Early types were two plates only to set over the coal stove surface. Later types were electrified. These two plates also added weight, which assisted in holding the batter in place.

Wafer plates were sometimes different due to their incised patterns which were used to bake communion wafers for Catholic services.

During the Renaissance, blacksmiths began making wafer irons with non-religious designs – hunting, rural and familiar daily life scenes. This secular trend influenced other skilled metal workers to create stamps for sealing messages and other important items bearing their crest or names.

Chaucer’s wafers. The inventor of wafer irons is unknown, however, in “The Canterbury Tales,” where Chaucer wrote: “wafers pipying hoot out of the gleede.” For centuries thereafter, popularity of wafers grew for all to enjoy snacks or dessert, especially for special occasions.

Due to the excellent craftsmanship in making the fancy wafer irons, these wares became prized possessions of the well-to-do when serving “cialdoni,” an ornamental Italian pastry.

This specialty became associated with the Sunday before Lent. The custom “going a Mothering” on that day was when young ladies cooked “cialdons” and presented them to their mothers.
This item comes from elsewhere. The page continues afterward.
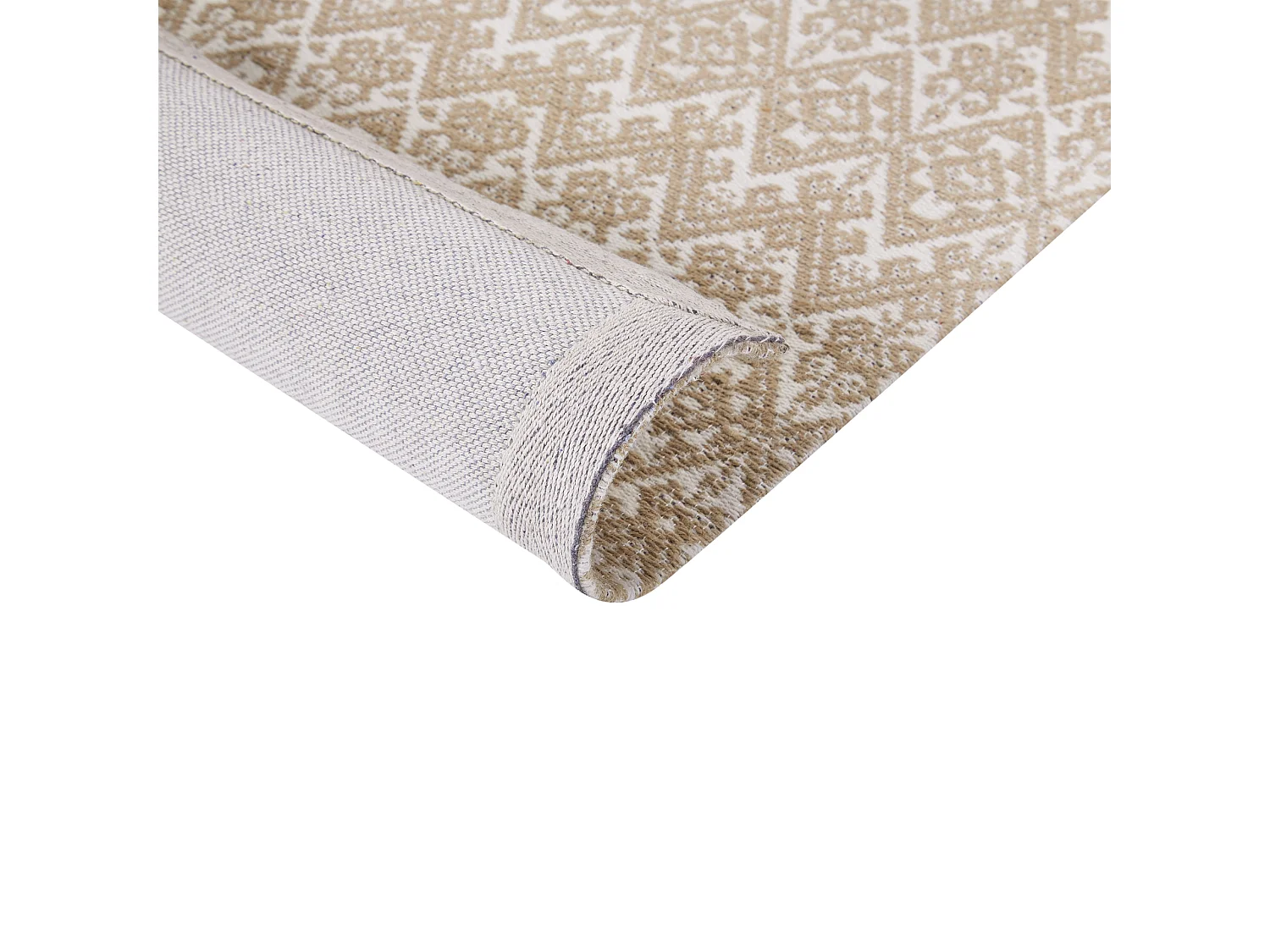 Teppich Jute beige/weiß 200x300 cm geometrisches Muster Kurzflor modern Atima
Waffle vs. wafer. Another event lost in time is when waffle irons appeared. Undoubtedly, they were a variation of the wafer iron. The suggestion is that to lower the cost of grid making by simplifying it to a more plain design, a craftsman wished to improve his economic situation.
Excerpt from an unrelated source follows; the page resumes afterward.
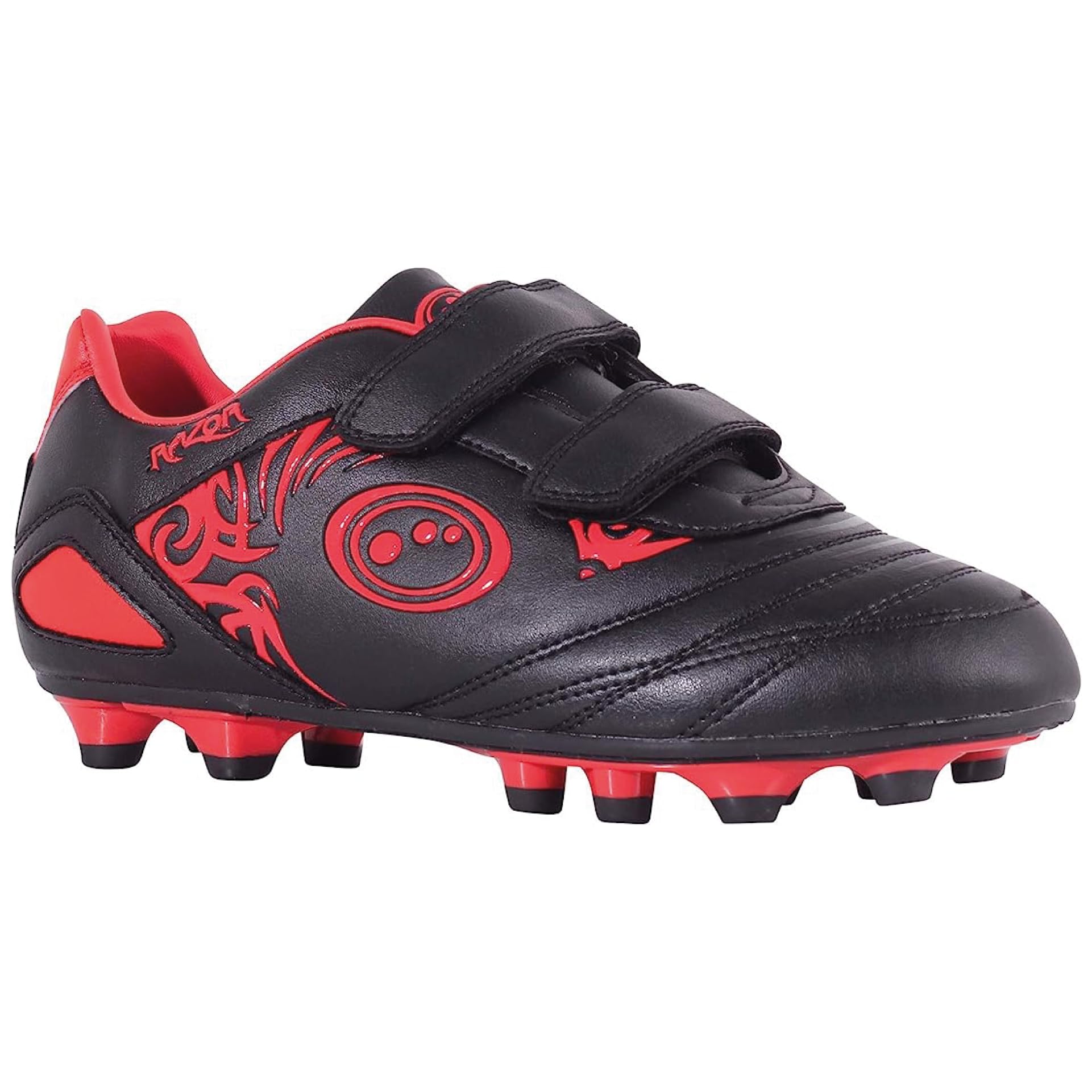 Optimum Razor Football Boots - Flat Moulded Stud Outsole, Easy Fastening Trainers - PU Leather, Flexible & Comfortable Fit Football Boots -(Black/Red), 5 UK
This may have proved true then as it does now – the general public could enjoy thick, tasty and crisp cakes. Waffle recipes are of a looser batter than the wafer, therefore filling in the deeper cuts in the cast iron plates.

When our pioneers came over to the New World, records indicate waffle and wafer irons were part of their possessions. Since then, waffles have been part of our cuisine. Throughout our history waffle breakfasts and supper have been enjoyed regularly.

Regional cuisine. Southern recipes included rice, cornmeal, sweet potatoes and pecans in waffle batter. Chicken and waffles were – and still may be – a meal for Pennsylvania Germans.

Around the District of Columbia, waffles made of regular batter were topped with chicken or turkey hash or served with broiled ham or chicken in a gravy.

New Englanders preferred molasses, maple syrup or salt-pork gravy, or waffles topped with fresh berries or prepared fruit.

Special pattern irons were often used for festivities. These irons had designs of hex signs, flowers, animals or symmetrical.